The Learning Tech Labs sessions have proven to be a unique forum providing an opportunity for a dialogue between education and emerging technology. This month’s was something different with two talks in and around cognitive science – one on learning and another on perception.
When we encounter a term we’re unsure of, chances are we’ll just Google it – a common diagnostic response that produces a surface understanding but, as WIT clinical psychology lecturer Dr David Delany
suggested, if we reverse engineer an expert’s definition we can develop a more sophisticated and deeper understanding of a concept by inference. In that way we are thinking like the expert – it’s here that the we see the distinction between the ‘knowing how’
and ‘knowing that’
that the philosopher Gilbert Ryle talked about when he wrote that “it requires intelligence not only to discover truths, but also to apply them”.
It’s this Deep Structure of knowledge that forms the basis of Superintelligence which, as you can see from the graph above, sits opposite from rote learning (which is just up from illiteracy).

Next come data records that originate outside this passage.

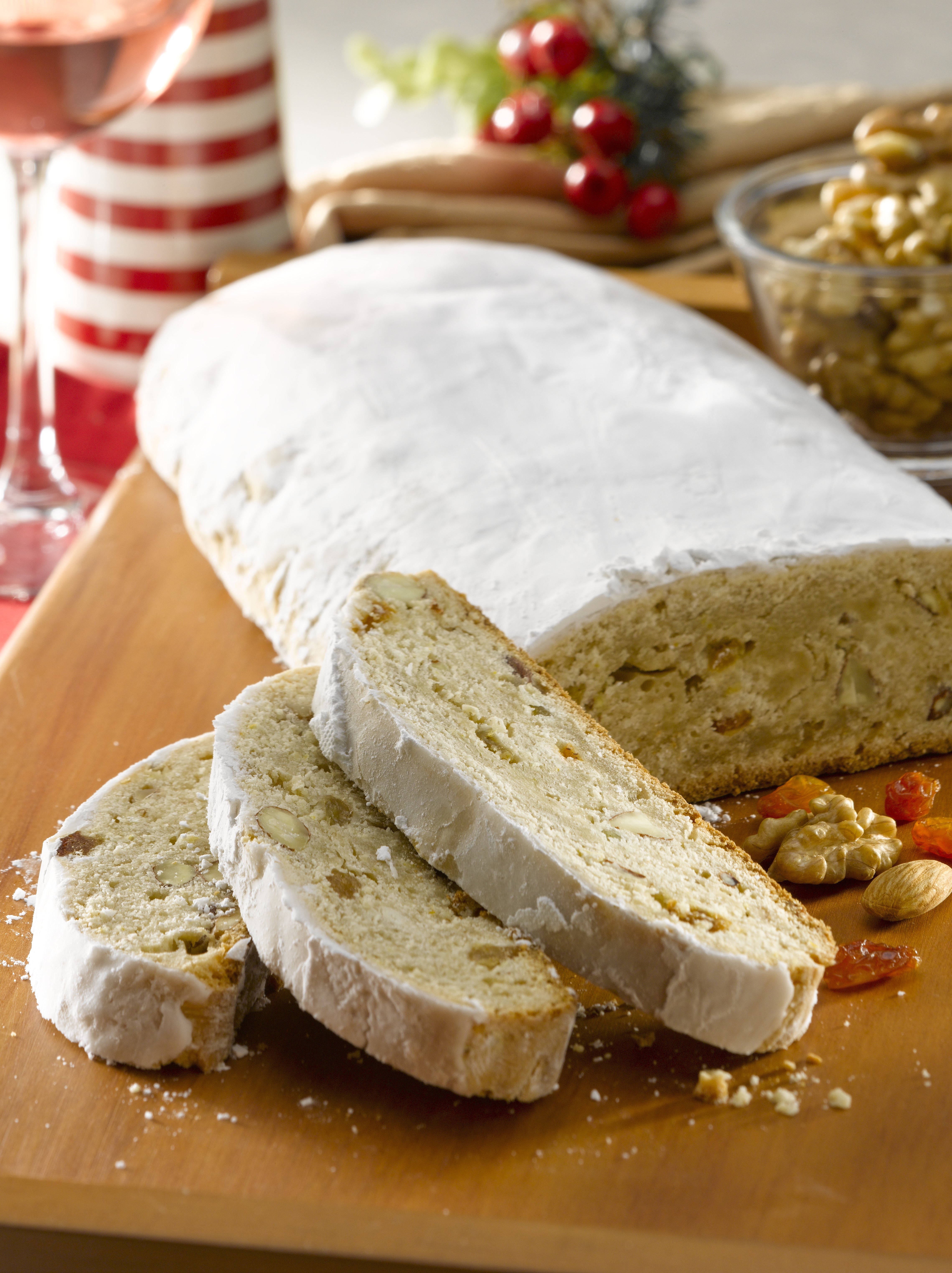 Stollen Tradicional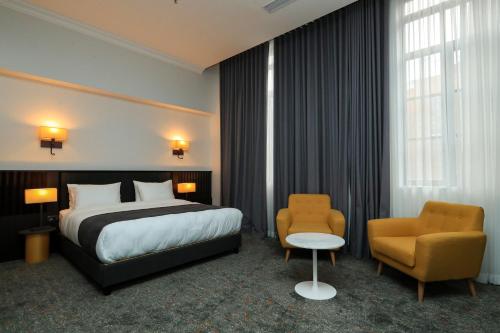 Imagen general del Hotel Pine Astoria. Foto 3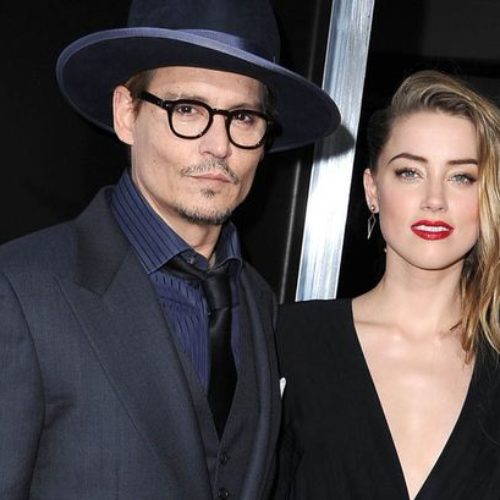 ‘Marrying Johnny Depp does not define my sexuality.’ Says Amber Heard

David discussed the qualitative differences in intelligence between literate and illiterate learners. Illiterate cultures have less capacity for abstraction and as a result form a more fixed, concrete impression of the world. There’s an inflection point somewhere around 700BC when literacy became widespread in Greece.
Literacy lets us externalise knowledge – a keystone in the spread of abstract concepts since externalising knowledge lets us record and transfer knowledge so the ideas mooted by the pre-Socratics are passed to and built upon by Plato which, in turn gives way to Aristotelian metaphysics.
It’s this propensity for deep, abstract thought that sits at the other end of the spectrum from shallow, rote learning. An ability to make connections between concepts and draw inferences rather than an expertise that’s narrow in its application is the hallmark of ‘far transfer’ of learning
spanning contexts and disciplines.
In the future learning techniques might draw us toward methods which amplify intelligence by cultivating these connections
DCU’s Dr Graham Healy
took us through his work with EEG tests which measure the brain’s electrical signals. There are a number of commercial products available, like the Emotiv EEG
, though their accuracy would fall well short of the medical grade equipment.
There is one signal in particular, the P300, that’s signifiant since it can detect our attention orientation. In the lab a subject is asked to look out for a can of coke that will feature among a quick succession of images that will be shown (this is a technique known as Rapid Serial Visual Presentation). When the coke can image is shown the P300 signal increases telling us that the image is identified and recognised.
Both talks provided fascinating insight into the future of learning and our understanding of it.